Task instructions: Pictures in the records below are skipped; the rest is copied exactly.

====== Material provided

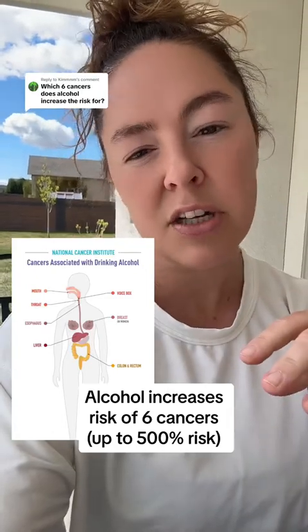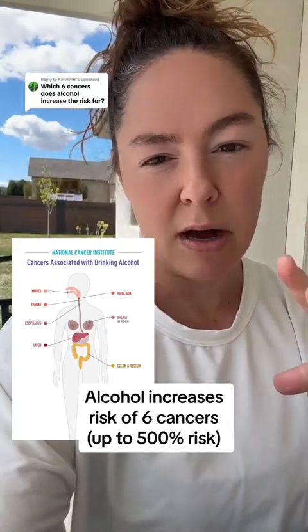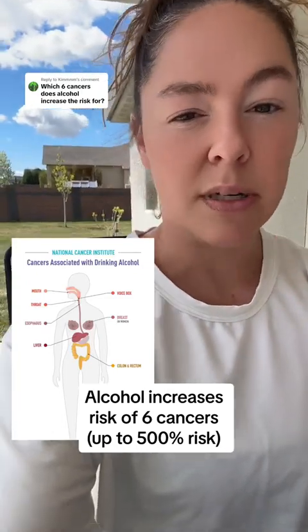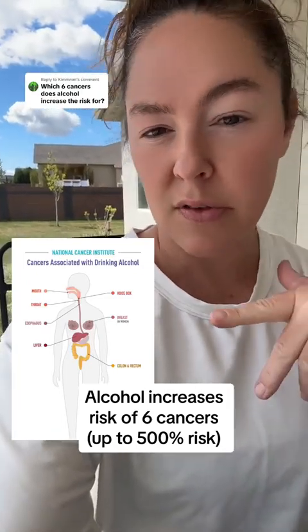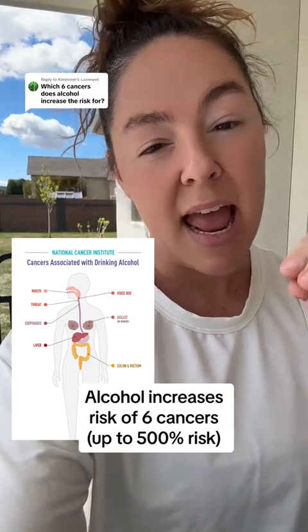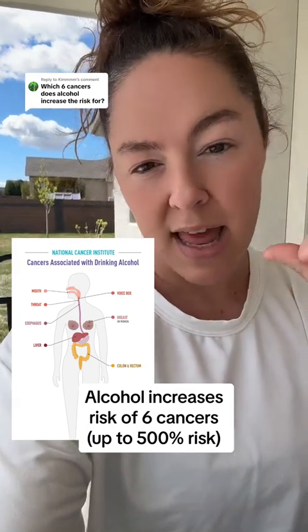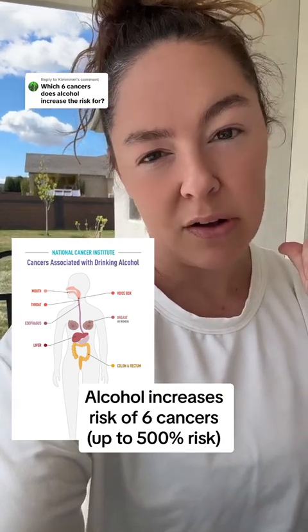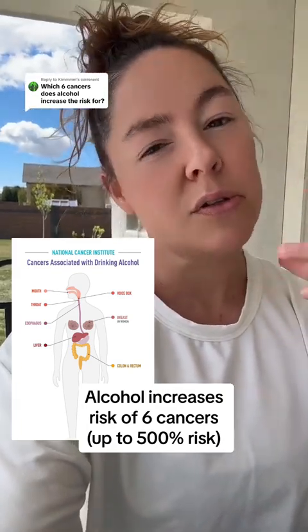As a cancer dietitian, I want to share with you about alcohol increasing cancer risk. First off, these are the cancers that you're going to be increasing at any consumption of any type of alcohol. That also includes red wine.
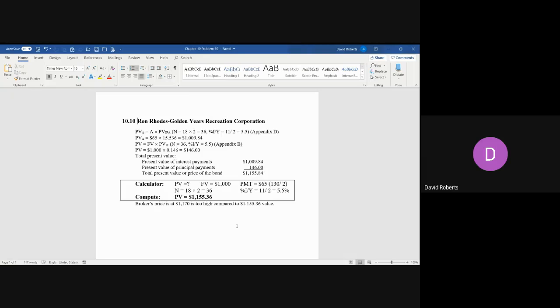You take the interest rate, divide it by two to get 5.5%, and you calculate or compute present value. You see that the present value is $1,155.36.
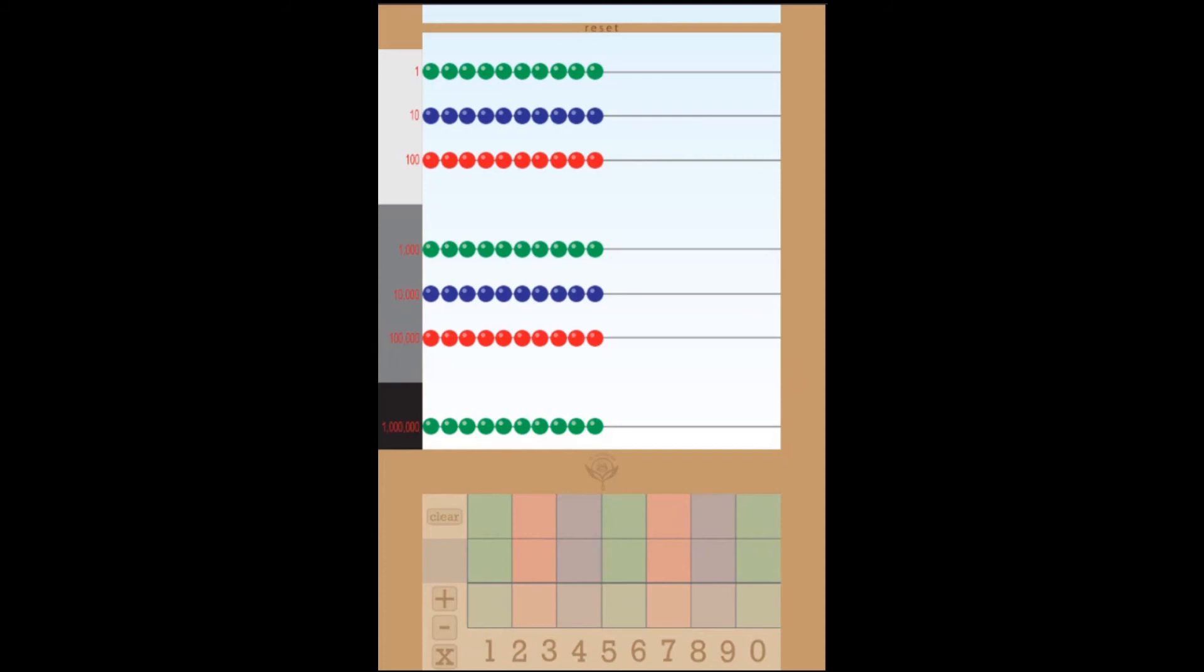You've got all the beads necessary to do some operations. The units, the tens, the hundreds, the thousands, the ten thousands, the hundred thousands, the millions, they're all there.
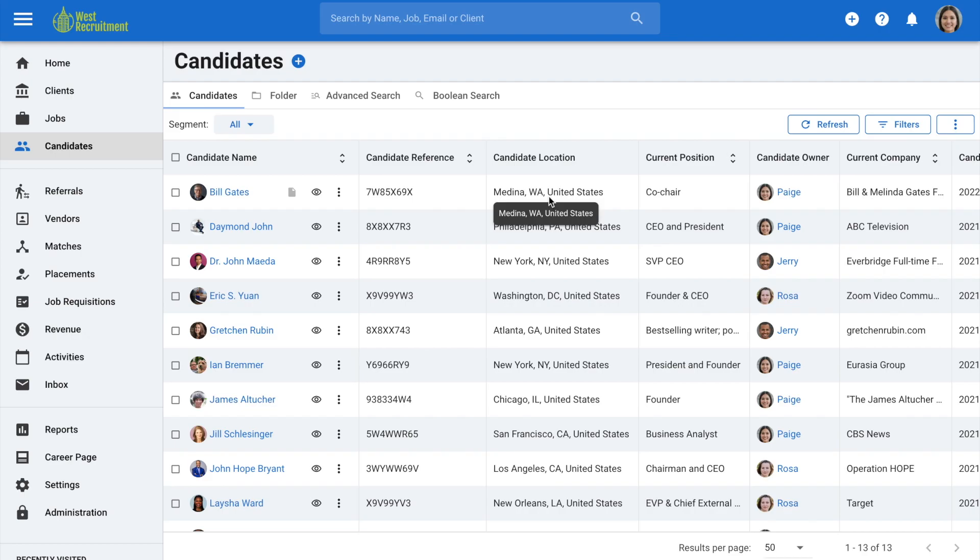Or on the candidates tab, click on the three dots next to the candidate name and the option to archive the candidate will appear.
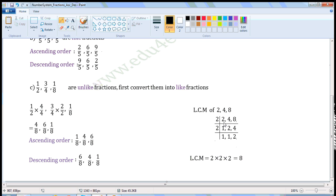Write 2 here. 2 divided by 2 gives 1. 4 divided by 2 gives 2. 8 divided by 2 gives 4. Continue the process as 2 and 4 are divisible by 2. Write 2 here. For 1, write 1 here. 2 divided by 2 gives 1. 4 divided by 2 gives 2. Now there are no common prime factors between 1 and 2, so stop the process here. LCM is equal to 2 into 2 into 2, which is equal to 8.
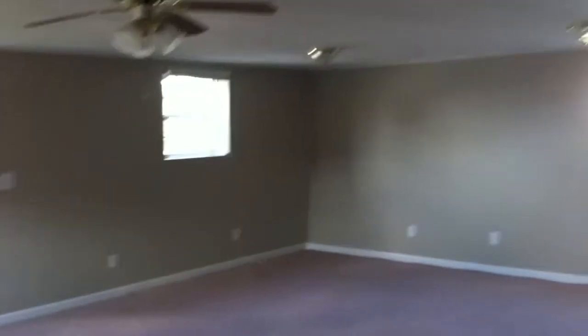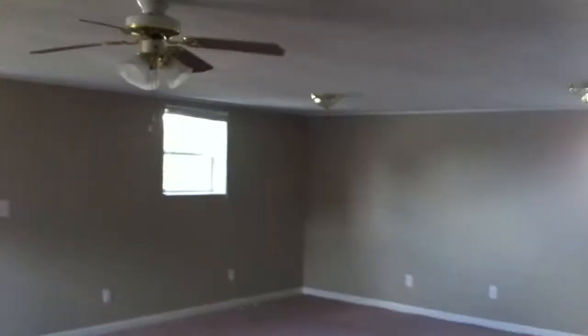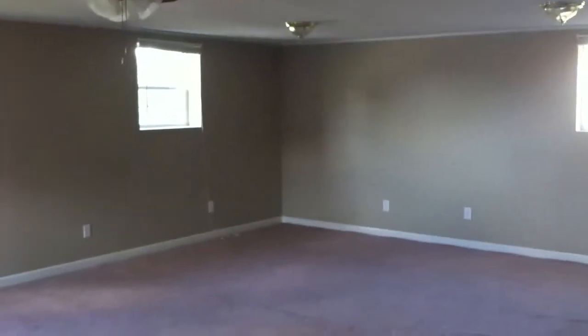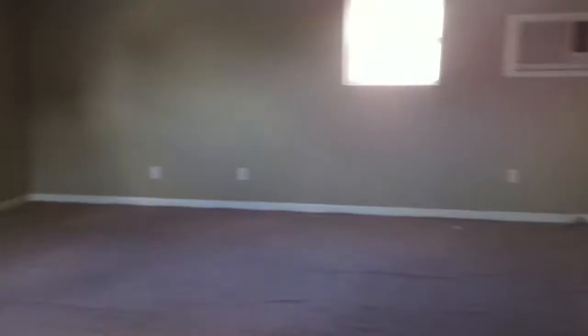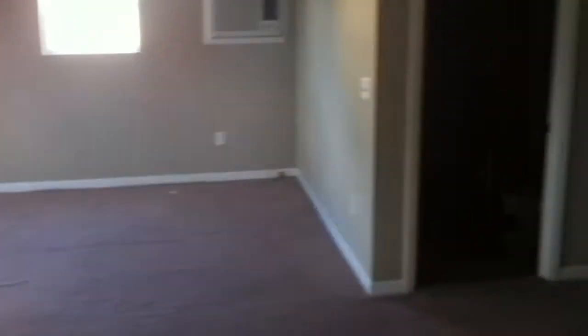All right, this is 4730 Rosebrier and we're down in the basement right now in this huge family room.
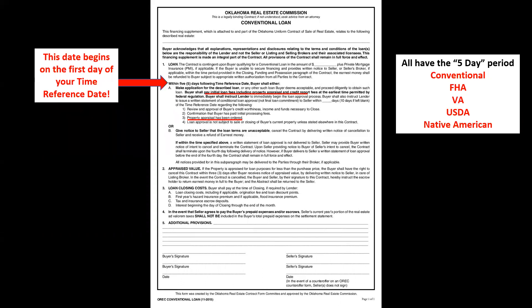That covers all the information on a residential property contract. If you have any questions, please don't hesitate to call, email, or text me as your broker. Thank you for attending.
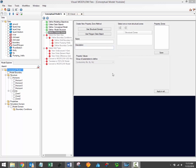On the Define Property Zone workflow window, first select the method that will be used to create the new property zones. There are two methods of converting structural zones to property zones. The first method is to simply use the available structural zones, with a direct correlation between the available structural zone and the property zone volumes. The second method is to use a polygon data object, and both methods will be illustrated here.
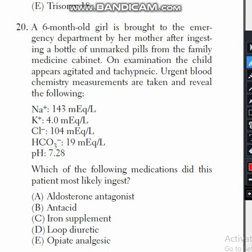A six-month-old girl is brought to the emergency department by her mother after ingesting a bottle of unmarked pills from the family medicine cabinet. On examination, the child appears agitated and tachypneic. Urgent blood chemistry labs are taken.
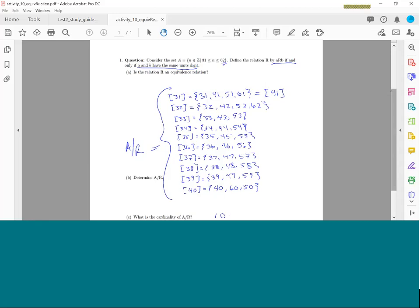If the set were all integers 0 through 100 with the same units-digit relation, [0] would equal [100] and [10] would equal [20], etc., and the cardinality would still be 10 — that's where the mod connection comes in. For the exam, part A (proving it's an equivalence relation) would typically be given to you; you'd be asked to find equivalence classes and their cardinality. An annotated version of this activity will be posted online.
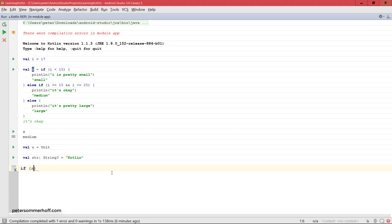So when you have this, remember you can't just call string.length, for example, because string could be null. But if you go ahead and say if string is not null and then go into the if block here, you can actually do things like print line string.length.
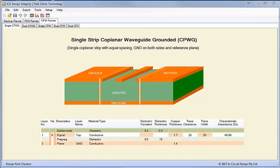Hi, I'm Barry Olney from InCircuit Design. This is a quick demonstration of the new Coplanar Waveguide Planner, which forms part of the 2017 ICD Design Integrity software release.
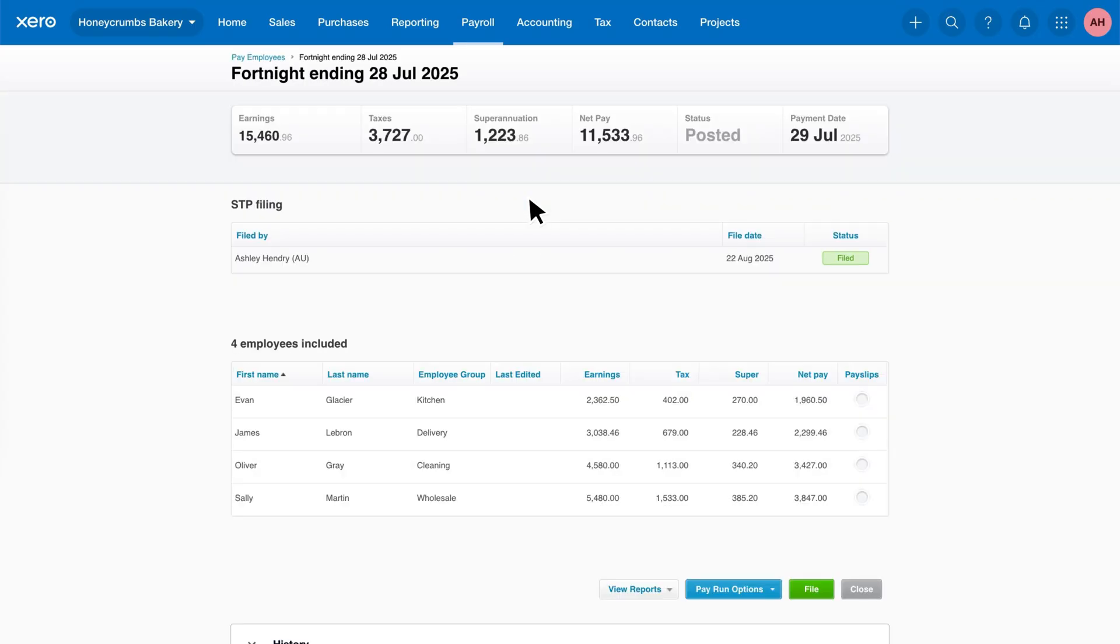From this page, you'll see the far right column is empty, meaning payslips have not yet been sent. Payslips are a vital record for both employers and employees, detailing earnings, deductions and tax withheld.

============

Solution to this task:
As a cancer dietitian, I want to share with you about alcohol increasing cancer risk. First off, these are the cancers that you're going to be increasing at any consumption of any type of alcohol. That also includes red wine.
You take the interest rate, divide it by two to get 5.5%, and you calculate or compute present value. You see that the present value is $1,155.36.
You've got all the beads necessary to do some operations. The units, the tens, the hundreds, the thousands, the ten thousands, the hundred thousands, the millions, they're all there.
Or on the candidates tab, click on the three dots next to the candidate name and the option to archive the candidate will appear.
Write 2 here. 2 divided by 2 gives 1. 4 divided by 2 gives 2. 8 divided by 2 gives 4. Continue the process as 2 and 4 are divisible by 2. Write 2 here. For 1, write 1 here. 2 divided by 2 gives 1. 4 divided by 2 gives 2. Now there are no common prime factors between 1 and 2, so stop the process here. LCM is equal to 2 into 2 into 2, which is equal to 8.
All right, this is 4730 Rosebrier and we're down in the basement right now in this huge family room.
That covers all the information on a residential property contract. If you have any questions, please don't hesitate to call, email, or text me as your broker. Thank you for attending.
On the Define Property Zone workflow window, first select the method that will be used to create the new property zones. There are two methods of converting structural zones to property zones. The first method is to simply use the available structural zones, with a direct correlation between the available structural zone and the property zone volumes. The second method is to use a polygon data object, and both methods will be illustrated here.
A six-month-old girl is brought to the emergency department by her mother after ingesting a bottle of unmarked pills from the family medicine cabinet. On examination, the child appears agitated and tachypneic. Urgent blood chemistry labs are taken.
If the set were all integers 0 through 100 with the same units-digit relation, [0] would equal [100] and [10] would equal [20], etc., and the cardinality would still be 10 — that's where the mod connection comes in. For the exam, part A (proving it's an equivalence relation) would typically be given to you; you'd be asked to find equivalence classes and their cardinality. An annotated version of this activity will be posted online.
So when you have this, remember you can't just call string.length, for example, because string could be null. But if you go ahead and say if string is not null and then go into the if block here, you can actually do things like print line string.length.
Hi, I'm Barry Olney from InCircuit Design. This is a quick demonstration of the new Coplanar Waveguide Planner, which forms part of the 2017 ICD Design Integrity software release.
From this page, you'll see the far right column is empty, meaning payslips have not yet been sent. Payslips are a vital record for both employers and employees, detailing earnings, deductions and tax withheld.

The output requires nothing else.